Discussion/General Information |
According to the Centers for Disease Control and Prevention (2024), cataracts are the leading cause of blindness and visual impairment, accounting for 50% of blindness representing 20.5 million (17.2%) Americans aged 40 and older. Approximately 6.1 million (5.1%) have undergone eye surgery for cataract removal.
Clouding of the lens of the eye is common in older persons and rarely seen in newborn children. This condition is generally known as "cataracts," but more specifically as age-related cataracts (also known as senile cataracts) or when present in previously unaffected adults, and as "congenital cataracts" when present in newborn infants. Other secondary cataracts include drug-induced cataracts and traumatic cataracts. The only available treatment for cataracts at this time is surgical removal of the cataract and replacement of the affected lens with a prosthetic lens. A variety of risk factors have been associated with cataract development. The most common risk factors include diabetes mellitus (DM), long-term corticosteroid (topical, systemic, intravitreal, inhaled or oral) use and history of prior intraocular surgeries (AAO, 2016).

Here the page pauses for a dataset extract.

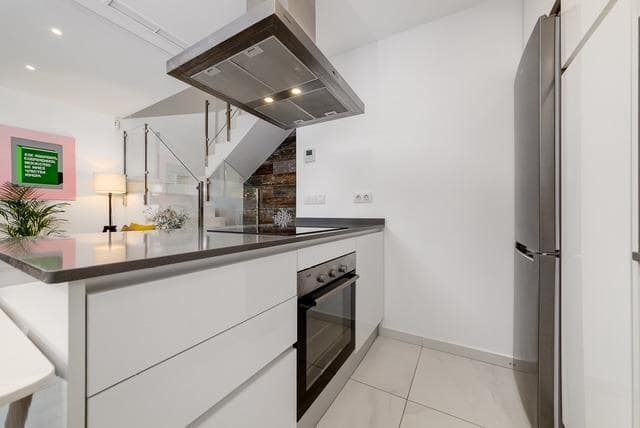 3 soverom Villa til salgs i Filipinas med svømmebasseng - € 325 000 (Ref: 9885019)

The American Academy of Ophthalmology (AAO) issued guidelines for the use of cataract surgery in the adult eye in 2016, which states:
Evaluation of Visual Impairment
There is no single test or measure that adequately describes the effect of a cataract on a patient’s visual status or function ability. Similarly, no single test can properly define the threshold for performing cataract surgery. The Snellen visual acuity chart is an excellent tool for testing distance refractive error (e.g., myopia, hyperopia, astigmatism) in healthy eyes, and it is widely used clinically. Poor preoperative visual acuity correlates with significant postoperative functional improvement in many patients with cataract. However, testing only at distance with high-contrast letters viewed in low ambient lighting conditions underestimates the functional problems in common real-life situations. For example, reading (especially in poor-contrast environments), daytime or nighttime glare conditions, halos and starburst at night, and impaired optical quality causing monocular diplopia and ghosting are all important indicators. Because preoperative distance visual acuity alone may be an unreliable predictor of postoperative functional improvement, the decision to recommend cataract surgery should not be made solely on the basis of Snellen visual acuity.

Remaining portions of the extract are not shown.